◆ **Assignment**
Where the line containing "BRD Bund Lot" appears in the entries below, start there and print only that line and every line after it, exactly, through the end, excluding pictures.
(Dataset content begins)
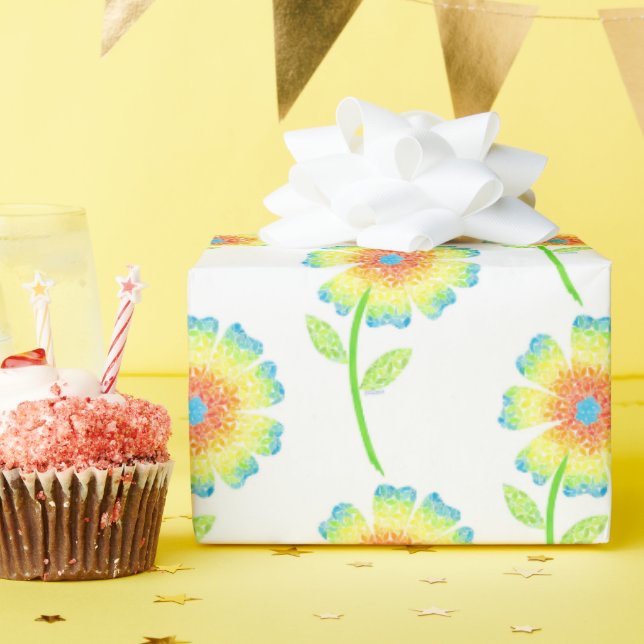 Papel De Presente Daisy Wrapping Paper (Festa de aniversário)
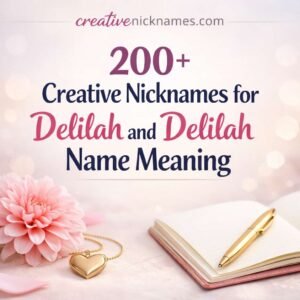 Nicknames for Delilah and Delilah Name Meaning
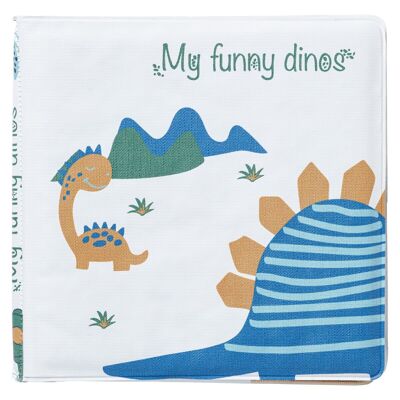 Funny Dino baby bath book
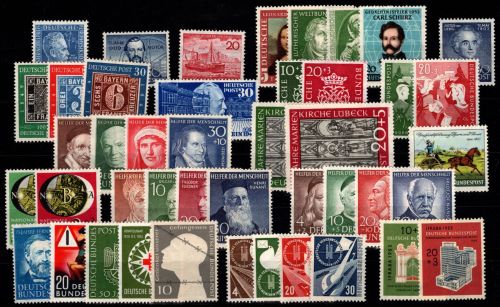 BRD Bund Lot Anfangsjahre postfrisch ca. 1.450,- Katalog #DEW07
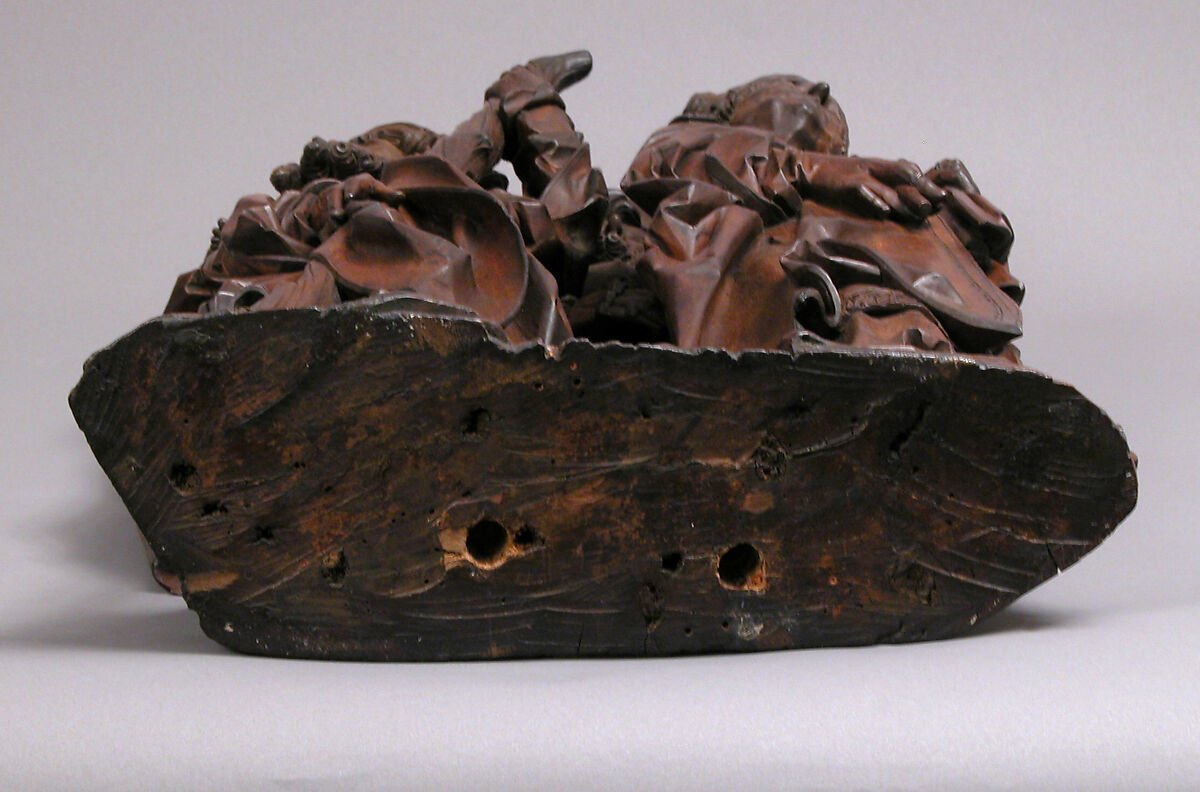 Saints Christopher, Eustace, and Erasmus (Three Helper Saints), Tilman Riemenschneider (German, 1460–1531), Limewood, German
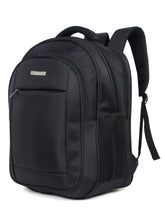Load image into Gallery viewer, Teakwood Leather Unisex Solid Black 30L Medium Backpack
(Dataset content ends)
◆ **Output of the task**
 BRD Bund Lot Anfangsjahre postfrisch ca. 1.450,- Katalog #DEW07
 Saints Christopher, Eustace, and Erasmus (Three Helper Saints), Tilman Riemenschneider (German, 1460–1531), Limewood, German
Load image into Gallery viewer, Teakwood Leather Unisex Solid Black 30L Medium Backpack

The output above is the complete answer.